私の干支は卯である。(その2)

 兎干支である私の人生スタートは、東京都にありながらも、その頃は客船でしか行き来のできなかった大島で生まれた。記憶は全くないが、3歳には東京都中野区に移り、初めて見る電車にいたく感激したのだろう、家からいなくなったと思うと、踏切近くの交番でお巡りさんの膝の上に乗っていたと母親が言っていた。その後の大半は、まだまだ長閑だった練馬区で過ごしてきた。

 社会に貢献できるまでの期間と 社会で貢献したかどうかわからない期間と 明確に社会に貢献していない時が、そこそこ同じ長さになってきている。

 社会に貢献できる(人間を作るのが国の考える教育)間の小学生から中学生2年までは、近くの「お絵かき教室」に通っていた。高校では蹴球+漫研に所属して、ガロとかCOMの発刊日には 当然のごとく部室で、雑誌内で生きている登場人物の一部になろうと見開きのページに頭から突っ込んでいた。

 もの心着いた時から絵のようなものに関心があったのは確かだが、その流れで「美術」という社会貢献はあまり期待もされていない分野に進もうと思ったわけではない。漫研に入ったところで、漫画を描いたことはほぼなく、第一に他の漫研の人は上手かった。

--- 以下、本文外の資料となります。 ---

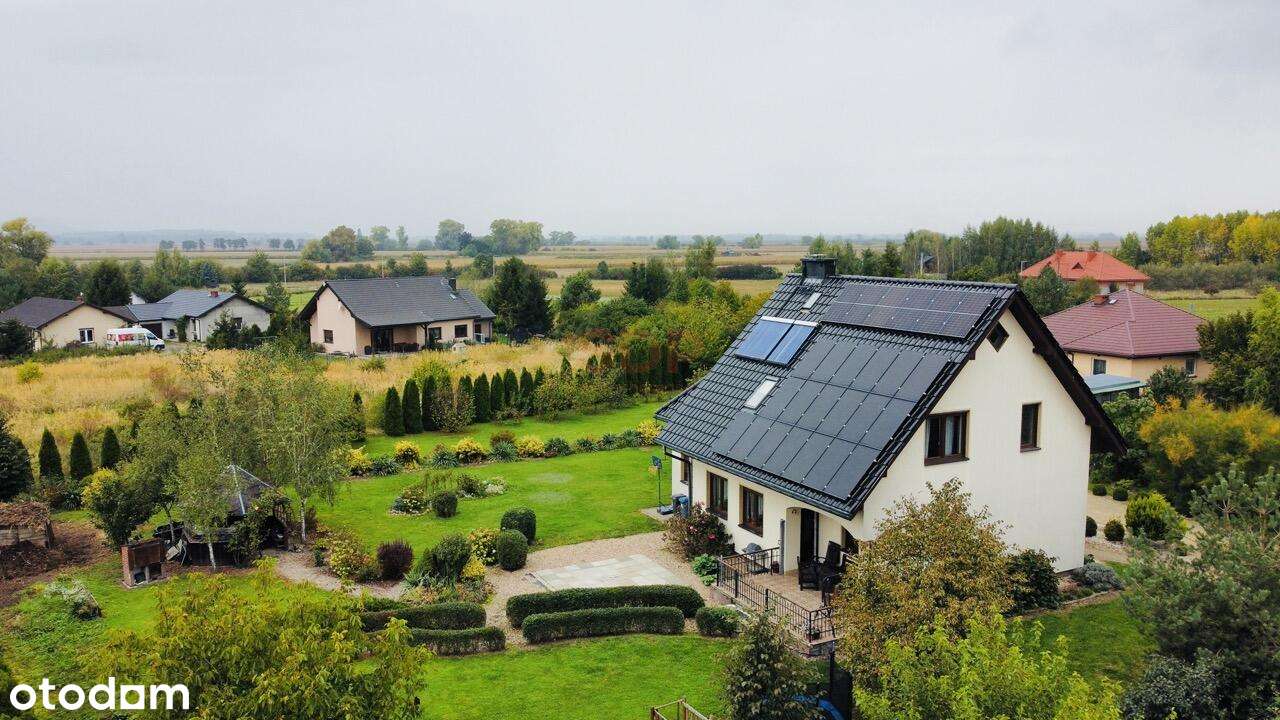 Dom na dużej działce z widokiem na Ślęże - Pełny obrazek: 4/20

 もっとも、漫研部で覚えているのはたった二人しかいない。もしかしたら、私を入れて3人しか漫研部員はいなかったのかもしれないと思うぐらいまったく誰の顔も浮かんでこない。二人のうちの一人は同級の全国模試の国語で一桁の順位をとったことのあるという噂のA君。彼は、PPM(parts per millionではなく、Peter, Paul and Mary)のコピーバンドを組み文化祭の主役でもあったが、卒業前にはいつの間にか学校から姿を消してしまった。新宿の参宮橋に3畳一間のアパートに住んでいて、漫画やフォークそのものの時代だった。数年後、A君とはまた出会うのだが、その頃は福生の米軍ハウスに住んでいた。そして一年後輩のSさん。彼女はその頃すでにディズニーランドに行ったことのあるお嬢様?だった。その頃は世界中にディズニーランドは一つしかないから、まあそう(お嬢様)なのだろう。当然彼女はCOM派であった。この3人は、5年間ほどは、色濃くつるんでいた時期があった。

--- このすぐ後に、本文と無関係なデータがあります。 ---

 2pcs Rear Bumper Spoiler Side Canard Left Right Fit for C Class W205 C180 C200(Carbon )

 私は、たぶん絵は好きだったのだが、中学校の頃お絵かき教室で油彩画をやり始めてから、興味を失ってきた。それでも、1年間のブランクの間に、進路に悩んでいたよう振りをして佐渡島へ一人でぷらりと出かけた後八王子城址のファッションホテルのような学校へもぐりこんだ。

 その八王子城址でも「具象の絵」は、数点描いただけで、社会人になったとたん描いたことのない「絵」から少し距離を置いた。脱兎のごとく、

その時から、私に兎が住み着いた。